William Morris, father of the British craft movement, deeply lamented the loss of the joy of creation, or as he writes, the “pleasure in labor.” This is what links a craftsman and an artist, and what has been taken away for many. In the U.K., an increasing number of artists are aligning themselves to the slow movement. The movement crosses boundaries – between farming, arts, conservation, and food consumption. Aiming to highlight the value of traditional techniques and local produce, its ethos nurtures a sense of connection between consumer and buyer. For the person making neo-craft, objects become a way to cause people to stop for a moment. Artist Amy Houghton, who specializes in animation and porcelain, participated in the touring show “Taking Time: Craft and the Slow Revolution,” curated by CRAFTSPACE and Helen Carnac. She writes that objects, specifically antiques:

…create a physical connection to the past, and because they are outside our sphere of objects that have a ‘use value,’ they offer a pause in the fast pace of contemporary life, as well as a connection to a different pace of time associated with a nostalgic past. Antiques can offer a connection to a feeling of reality in a culture of manipulated imagery.

Neo-craft work engages us with the object in a way that we easily forget when we “use” it. Handmade things require attention, and sometimes reverence – a reverence not only for the object, but also for the care that has been taken to make it. The slow movement as a whole seeks to highlight our tendency towards a habitual lack of attention.

But technology is not the enemy. Search the Internet and you will come across a new breed of D.I.Y. makers, independent designers who are selling pieces to shops and online. Deanne Tonkin – co-creator of online store Tokyomade – champions the clothes and wares of independent Tokyo-based designers. Deanne said in an interview that she was inspired to set up the web site after attending Tokyo’s Design Festa and seeing how many things the rest of the world didn’t have access to. Here, craft finds its feet in the technological world. It is a different facet of a worldwide awareness that consumerism cannot be sustained at its current levels.

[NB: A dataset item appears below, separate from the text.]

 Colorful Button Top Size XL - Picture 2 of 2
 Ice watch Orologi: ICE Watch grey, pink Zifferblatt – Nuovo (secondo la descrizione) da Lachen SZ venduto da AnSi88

In a multi-platform, cross-continent society, perhaps craft should not be only valued for its ability to preserve history, but also for its role in the mediation of relationships. Both Morris and Soetsu speak to us of the value of the characteristic of skill. Neo-craft can happily sit between labels and mediums as a bastion of the individual’s attempt not to impose a personal vision on an already-saturated world, but to rediscover the dignity of labor that is for love. It is an embodied art that slows us down and grounds us in what is. Let’s hope, as consumers of the arts as well as crafted objects, that we can do more than hoard. Let’s learn to see the process of exchange as an ongoing conversation with each other.